18. When does MLC 2006 enter into force?
The MLC-2006 will enter into force on 20 August 2013.

19. Who needs to be certified for MLC 2006?
Ships 500 GT or over, engaged in international voyages; and
Ships 500 GT or over, flying the flag of member and operating from a port or between ports in another country.

20. Does the MLC 2006 directly apply to shipowners, ships and seafarers?
The MLC 2006 is an international legal instrument and does not, therefore, apply directly to shipowners, ships or seafarers. Instead like all international law, it relies on implementation by countries through their national laws or other measures.
The national law or other measures would then apply to shipowners, seafarers and ships. The MLC 2006 sets out the minimum standards that must be implemented by all countries that ratify it.
The set standards must be reflected in the national standards or requirements and are subject to the usual oversight role taken by the Committee of Experts under the ILO supervisory system (a system established under the Constitution of the ILO)

21. What is the Special Tripartite Committee in MLC 2006?
Article XIII of the MLC, 2006 provides for the establishment of a Special Tripartite Committee by the ILO’s governing Body. The mandate of this Committee is to “keep the Working of this Convention under continuous review”. The Committee will consist of  two representatives nominated by the Government of each country that has ratified the Convention, and the representatives of Shipowners and Seafarers appointed by the Governing Body after consultation with the´ILO’s Joint Maritime Commission (JMC). The Committee has an important role with respect to amendments to the Code. If faults are identified in the working of the Convention, or if the Convention needs to be updated,  the Special Tripartite Committee will, in accordance with Article XV of the Convention, have the power to adopt amendments.  The Committee will also play an important consultative role under Article VII for countries that do not have shipowners’ orseafarers’ organizations to consult when implementing the MLC 2006.

22. What is meant by the term “Member” in MLC 2006?
The Maritime Labour Convention, 2006 (MLC-2006) like other ILO legal instruments uses the terms “member” or “each member” throughout the MLC, 2006. The terms are used by the International Labour Organization (ILO) to refer to countries that are members of the ILO. In the context of this Convention a reference to “Member” or “Each Member” should be understood asreferring tocountries that have ratified the Convention, unless  the  Convention  clearly  refers  to “any  Member  of the Organization”.

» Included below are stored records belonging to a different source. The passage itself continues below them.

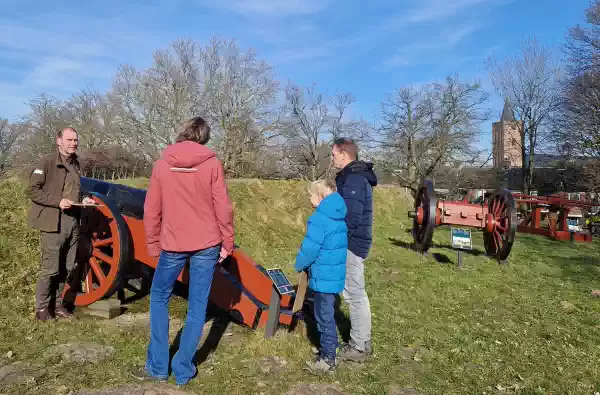 Rondleiding met gids in juli en augustus Foto ge&uuml;pload door gebruiker Waterlinie Evenement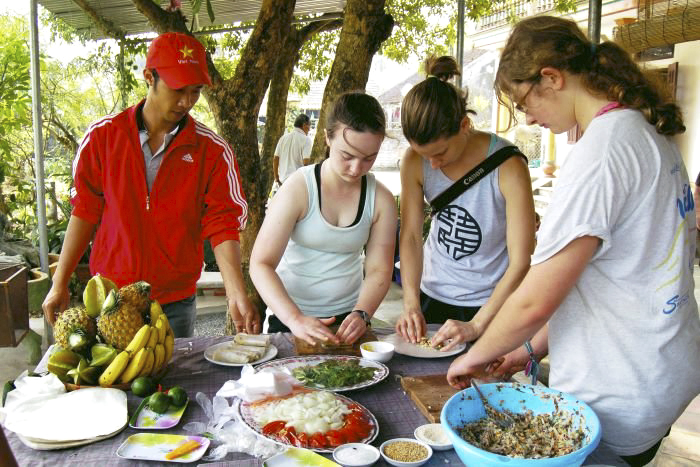 Không chỉ thưởng thức ẩm thực, du khách quốc tế còn thích thú với các trải nghiệm tự làm món ăn Việt Nam (Ảnh: Lương Sơn Lâm)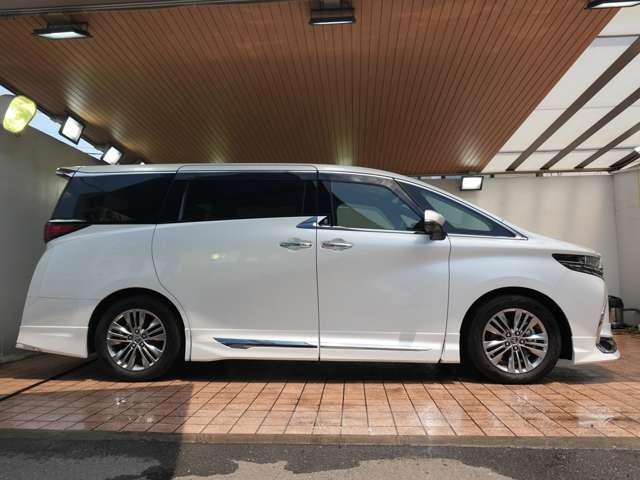 全国各地、お車納車できます！！車庫証明や面倒なお手続きも代行できます。初めてのご購入も安心できるように、丁寧にご説明致します。詳細写真もメールでお送りすることも可能ですのでお気軽にお申し付けください。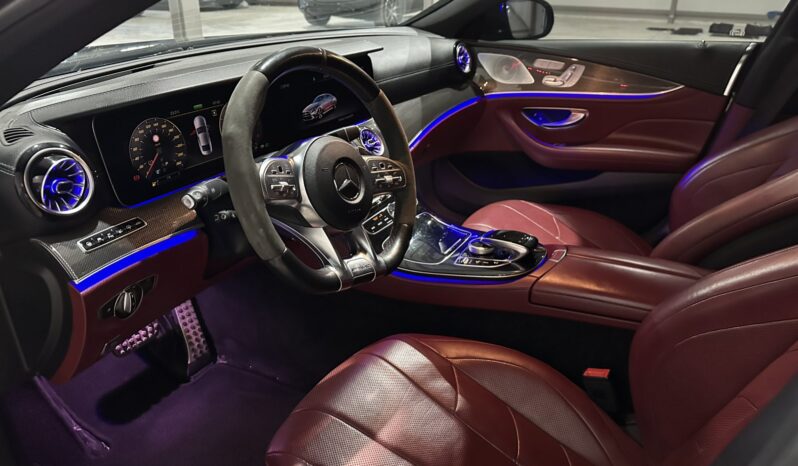 
								Mercedes-Benz CLS 53 AMG full									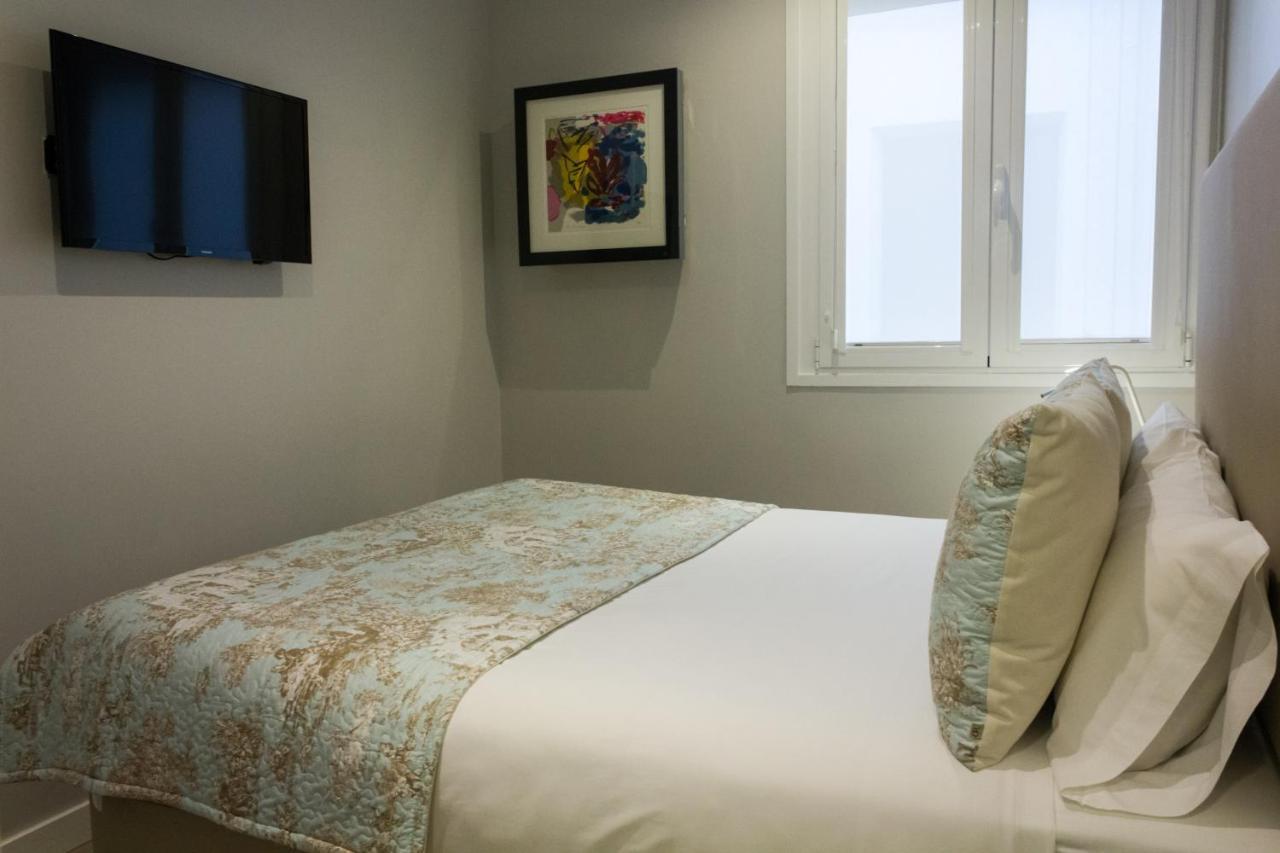 Arenal Suites Preciados Madrid Rum bild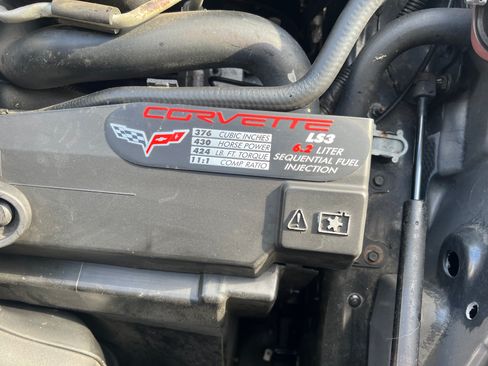 Used 2009 Chevrolet Corvette Coupe w/ Preferred Equipment Group RWD image 2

23. Who is the competent authority in MLC 2006?
The MLC, 2006 defines the term “competent authority” in Article II, paragraph 1 (a)
As “the minister, government department or other authority having power to issue and enforce regulations, orders or other instructions having the force of law in respect of the subject matter of the provision concerned”.
It is a term used to indicate the department(s) of a government with responsibility for implementing the MLC-2006. Practices could vary between countries and often more than one department or agency (e.g., labour or maritime or social security) could be  involved in implementing aspects of the MLC-2006 in a country and could therefore be the “competent authority” for the particular issue.

24. What is the master’s role in ensuring compliance with MLC 2006 requirements?
The master, or a person authorised by the master, shall maintain and sign the records of seafarers’ daily hours of work or daily hours of rest.
Each seafarer concerned shall endorse his personal copy. It is the master’s obligation to carry out on-board the ship frequent inspections to ensure that accommodation areas and recreational facilities are safe and in a hygienic condition.
In addition, regular inspections of the galley, storerooms, provisions and equipment used for the handling and preparation of food shall be carried out by or under the authority of the master.
The results of these inspections, either carried out by the master or under his authority, shall be recorded and be available for review, which should include evidence for follow-up and rectifications if deficiencies are found.
In any case, masters should be familiar with the requirements of the MLC 2006 and the responsibilities with regard to its implementation.